Le retour de la Belle Saison?
L’hiver est là : la neige, le froid, le vent et LA GLACE! Pour plusieurs l’arrivé de la saison froide est le retour de la belle saison. Hérésie? Mais non, pensez-y un peu… Il n’y pas de moustiques, les approches sont rendue plus aisées par le couvert de neige (si l’on a une bonne paire de raquette – évidemment) et nul besoin de nettoyer sa voie avant d’y grimper. La cascade gelée est là, on la grimpe voilà tout!
Malgré les joies de la grimpe hivernale, plusieurs résistent de s’y lancer par peur du froid. Évidemment, il peut «se les geler» si nous sommes mal vêtus ou incorrectement préparé. Comment diable se vêtir pour apprécier l’escalade de glace? Il faut tout d’abord penser que l’escalade de glace a habituellement 3 facettes principales: l’approche, la grimpe et l’assurage aux relais. L’approche, lorsque longue, fait travailler le cardio et augmente sensiblement notre sudation. Idem pour la grimpe. Mais au relais on fait habituellement le pied grues le temps que notre partenaire exécute ses prouesses. Il faut donc prévoir nos couches afin d’éviter de garder notre humidité près du corps. Habituellement je porte des sousvêtements en laine de mérino, pas trop épais. Cette laine a la particularité de bien évacuer la transpiration, tout étant confortable. Selon le froid annoncé, les journées froides (-15c et moins) je vais ajouter un polar 200 sur le haut et le bas. Les journées plus chaudes, j’omets parfois un bas en polar et n’utilise que sous vêtement en mérino.

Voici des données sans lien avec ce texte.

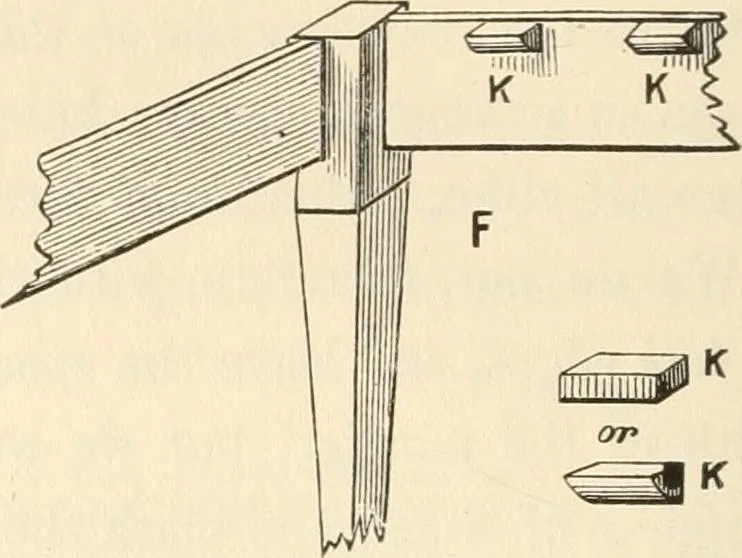 An illustration from The young mechanic; containing directions for the use of all kinds of tools, and for the construction of steam engines and mechanical models, including the art of turning in wood and metal, 1902, leaf 69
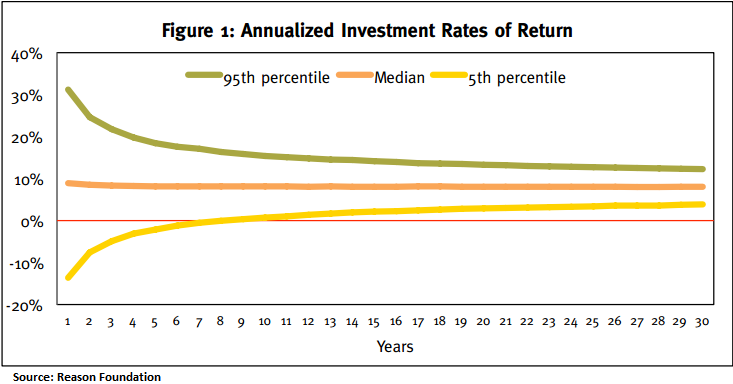 Annualized Rates of Return, Reason Foundation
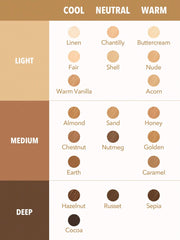 خافي العيوب عالي التغطية للبشرة المثالية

Ma couche extérieure est plus souvent qu’autrement un pantalon en Gore-Tex et un manteau shoftshell AVEC CAPUCHON. Ce dernier est non négligeable lors des relais car il permet de garder beaucoup de chaleur de nous couper des bourrasques de vents.
Pour les extrémités maintenant… Je coiffe ma tête d’un Balaklava (cagoule) mine et peu serré.
Quand il fait très froid je mets une tuque par-dessus celui-ci pour un peu plus de chaleur. Les mains sont certainement les éléments névralgiques d’une journée de grimpe agréable. Il n’est pas rare de se geler les doigts et leur dégèle douloureux force souvent de haut cris de douleurs. Pour éviter cet inconfort il est important d’abaisser nos mains le plus souvent possible lors de nos grimpes pour laisser circuler le sang à nouveau. J’apporte aussi toujours 2 pairs de gants pour les interchanger lorsqu’une paire devient mouillée. Aux relais, je prends aussi le temps de mettre de grosses mitaines chaudes. Si votre budget vous le permet, ajouter une doudoune en duvet à votre « kit ». Sa chaleur réconfortante agis quasiment comme un feu.de foyer et tous nos tourments glacés s’envolent aussitôt… à temps pour notre prochaine grimpe!
Ne vous reste plus qu’à aller jouer sur les innombrables cascades glacées du Québec, en bonne compagnie!